[Caption-style text data]

^^^^^^^^^^^^^^^^

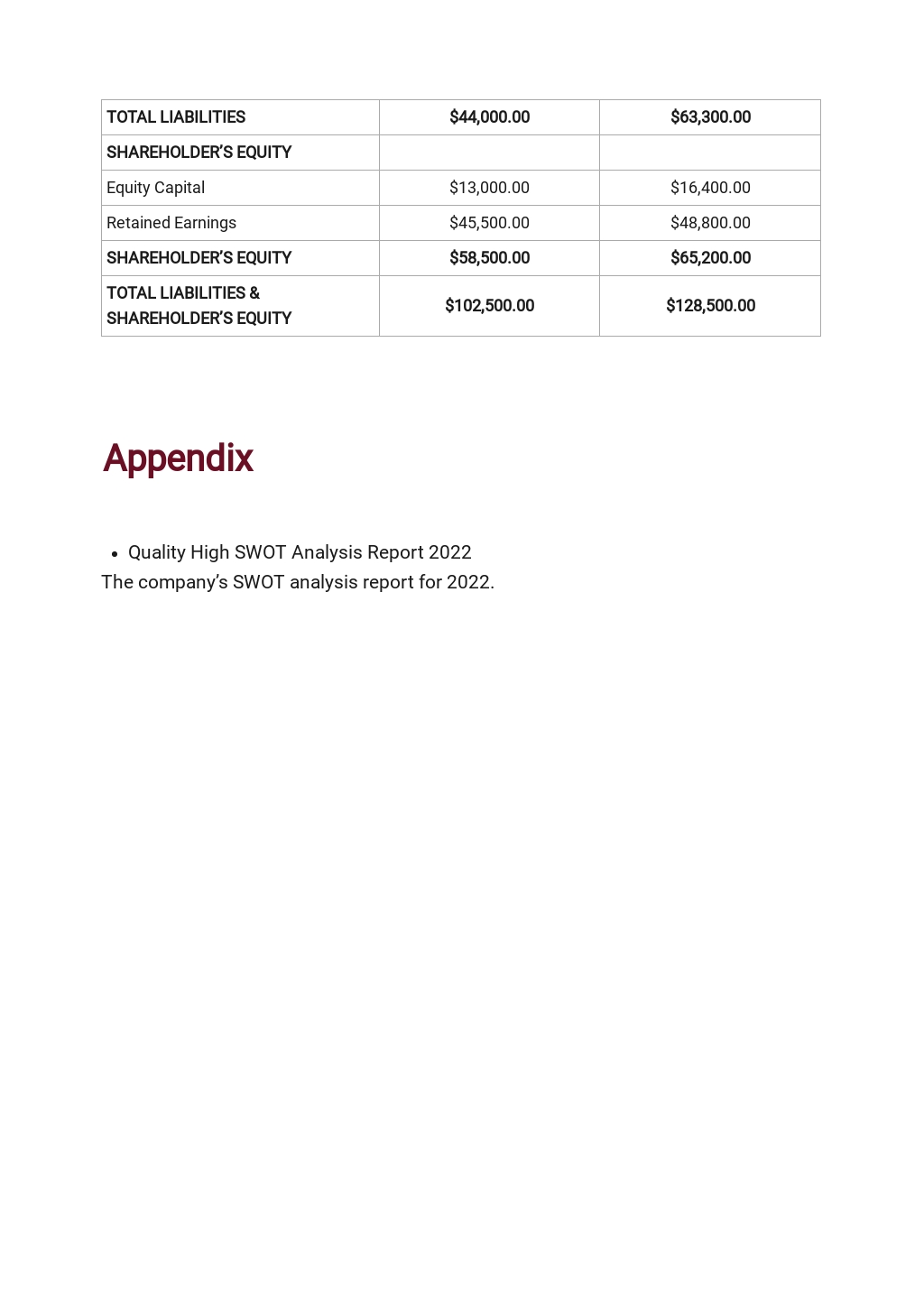 Assurance plan picture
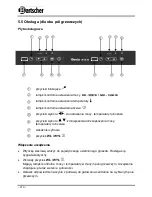 Предварительный просмотр 91 страницы Bartscher IKTS 35 Instruction Manual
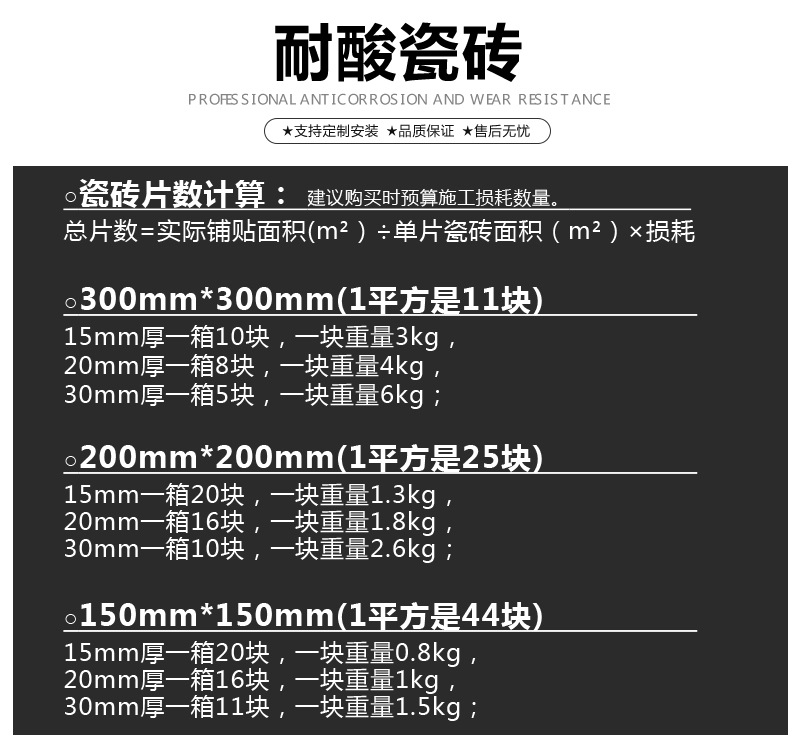 1.耐酸瓷磚規(guī)格計算方法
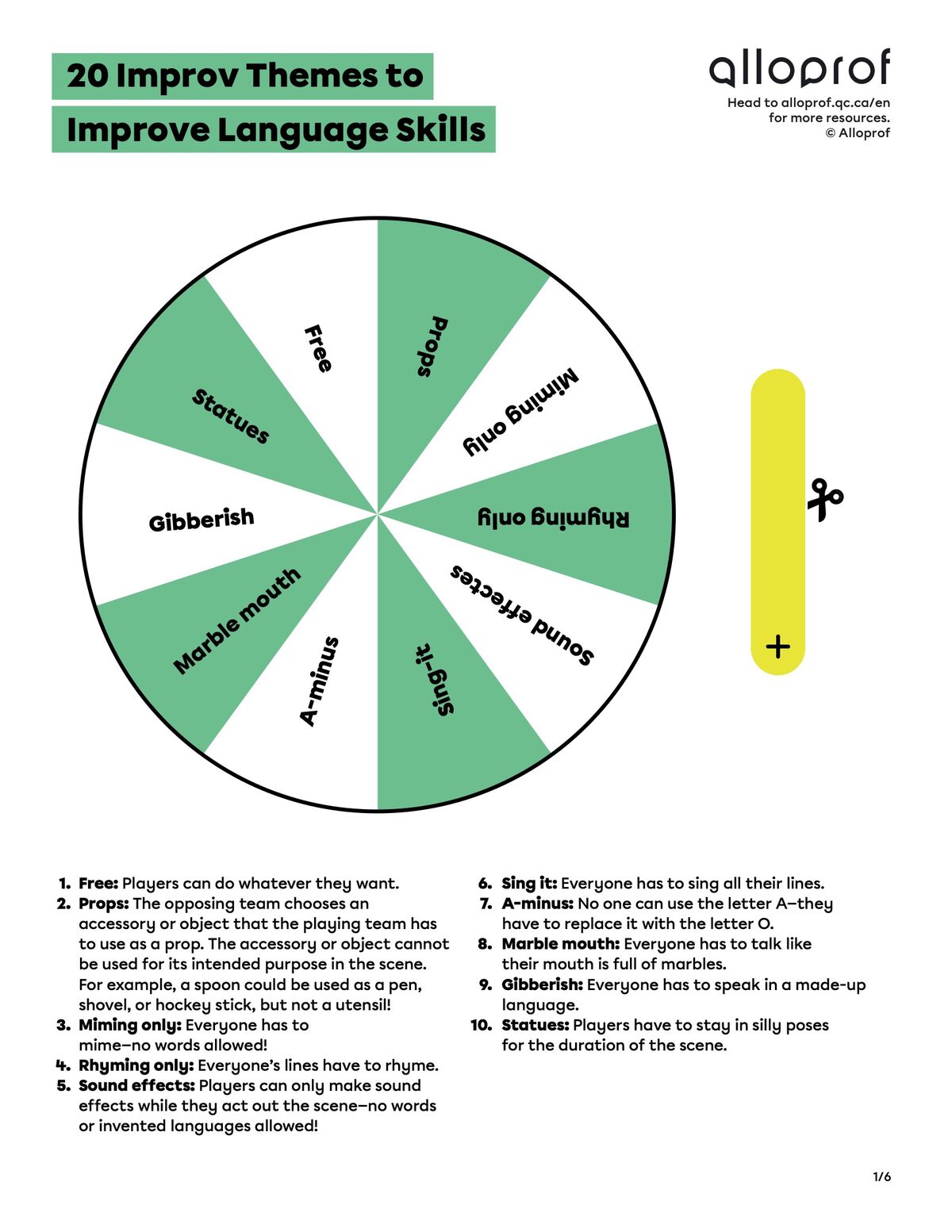 20 Improv Themes to Improve Language Skills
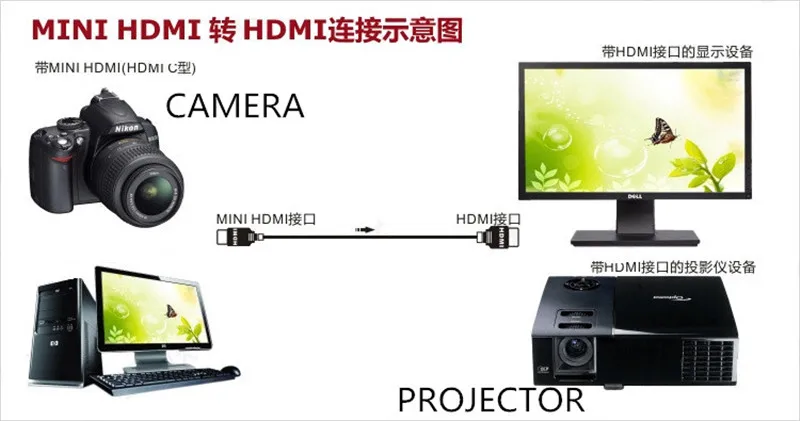 Мини HDMI к Hdmi конвертер композитный адаптер позолоченный 1080 P разъём папа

^^^^^^^^^^^^^^^^

→ PROBLEM DETAILS
Each entry, start to finish, goes into your copy exactly; the pictures stay out.

→ EXERCISE OUTPUT
 Assurance plan picture
 Предварительный просмотр 91 страницы Bartscher IKTS 35 Instruction Manual
 1.耐酸瓷磚規(guī)格計算方法
 20 Improv Themes to Improve Language Skills
 Мини HDMI к Hdmi конвертер композитный адаптер позолоченный 1080 P разъём папа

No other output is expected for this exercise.